Loss of NFKBIZ dysregulates the IL-6 axis (A and B) GSVA scores for TGFβ or WNT signaling as indicated for different ROIs. (C) Expression in ROIs for SOD2. (D) GSVA scores for different ROIs for hallmark interferon alpha response. (E and F) Expression in ROIs for NFKBIZ (E) and GADD45B (F). (G) GSVA scores for different ROIs for GOresponse to interleukin 6. (H) Expression in ROIs for IL6. (I–K). Expression of NFKBIZ (I), IL6 (J), and GADD45B (K) in GSE32537. (L–N) Expression of NFKBIZ (L), IL6 (M), and GADD45B (N) in GSE169500. Statistical comparisons are relative to control alveolar septae. ^∗p < 0.05, ^∗∗p < 0.01, ^∗∗∗p < 0.001, ^∗∗∗∗p < 0.0001 by Wilcoxon test with Benjamini-Hochberg multiple test correction. (O) Representative multiplexed RNA in situ hybridization for SFTPC and NFKBIZ expression in control alveolar septae and IPF distal alveolar septae.

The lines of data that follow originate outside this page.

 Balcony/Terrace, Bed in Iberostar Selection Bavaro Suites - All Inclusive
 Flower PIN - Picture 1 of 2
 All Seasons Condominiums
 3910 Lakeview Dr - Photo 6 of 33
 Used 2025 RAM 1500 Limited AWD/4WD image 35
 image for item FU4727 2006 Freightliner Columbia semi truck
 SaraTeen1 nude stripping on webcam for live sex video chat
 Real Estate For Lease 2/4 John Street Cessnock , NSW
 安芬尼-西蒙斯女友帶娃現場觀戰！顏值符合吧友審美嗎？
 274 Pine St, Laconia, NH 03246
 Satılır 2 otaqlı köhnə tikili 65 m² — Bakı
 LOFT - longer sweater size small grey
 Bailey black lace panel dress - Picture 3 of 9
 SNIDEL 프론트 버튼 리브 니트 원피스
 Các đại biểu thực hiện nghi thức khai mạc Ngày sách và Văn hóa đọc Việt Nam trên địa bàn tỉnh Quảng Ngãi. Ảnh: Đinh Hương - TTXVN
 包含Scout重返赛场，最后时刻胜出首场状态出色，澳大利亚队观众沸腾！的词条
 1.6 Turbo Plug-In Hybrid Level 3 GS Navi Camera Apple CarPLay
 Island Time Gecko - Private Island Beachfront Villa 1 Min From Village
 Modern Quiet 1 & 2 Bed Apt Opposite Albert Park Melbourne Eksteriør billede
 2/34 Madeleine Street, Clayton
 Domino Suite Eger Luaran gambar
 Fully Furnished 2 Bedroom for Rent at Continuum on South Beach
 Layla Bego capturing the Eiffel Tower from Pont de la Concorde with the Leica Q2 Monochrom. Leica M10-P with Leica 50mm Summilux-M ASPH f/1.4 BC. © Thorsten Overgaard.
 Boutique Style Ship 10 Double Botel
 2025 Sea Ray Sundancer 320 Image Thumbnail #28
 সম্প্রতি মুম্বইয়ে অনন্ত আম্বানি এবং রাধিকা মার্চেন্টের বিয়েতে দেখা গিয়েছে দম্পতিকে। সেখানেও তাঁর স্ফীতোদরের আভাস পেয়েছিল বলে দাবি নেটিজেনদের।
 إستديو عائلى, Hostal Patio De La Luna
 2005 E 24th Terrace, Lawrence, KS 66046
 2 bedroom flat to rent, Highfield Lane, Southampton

Scale bar, 100 μm; inset scale bar, 10 μm. (P–R) Type 2 alveolar epithelial cells were treated with TGFβ or vehicle control as indicated for 24 hr. Relative gene expression of NFKBIZ (P), IL6 (Q), and GADD45B (R) determined by qRT-PCR and analyzed using ΔΔCt method. Data are mean ± SD; n = 7 across three independent experiments. ^∗p < 0.05, ^∗∗p < 0.01, ^∗∗∗p < 0.001 by two-way ANOVA with Tukey’s multiple comparison test. (S–U) Type 2 alveolar epithelial cells were transfected with NFKBIZ targeting siRNA or control siRNA for 48 hr followed by treatment for 24 hr with TGFβ or vehicle control as indicated. (S) Relative gene expression of IL6 measured as in (Q). (T) IL-6 protein in conditioned media quantified by ELISA. (U) Relative gene expression of GADD45B measured as in (T). Data are mean ± SD; n = 6 across three independent experiments. ^∗p < 0.05, ^∗∗p < 0.01, ^∗∗∗p < 0.001, ^∗∗∗∗p < 0.0001 by two-way ANOVA with Tukey’s multiple comparison test.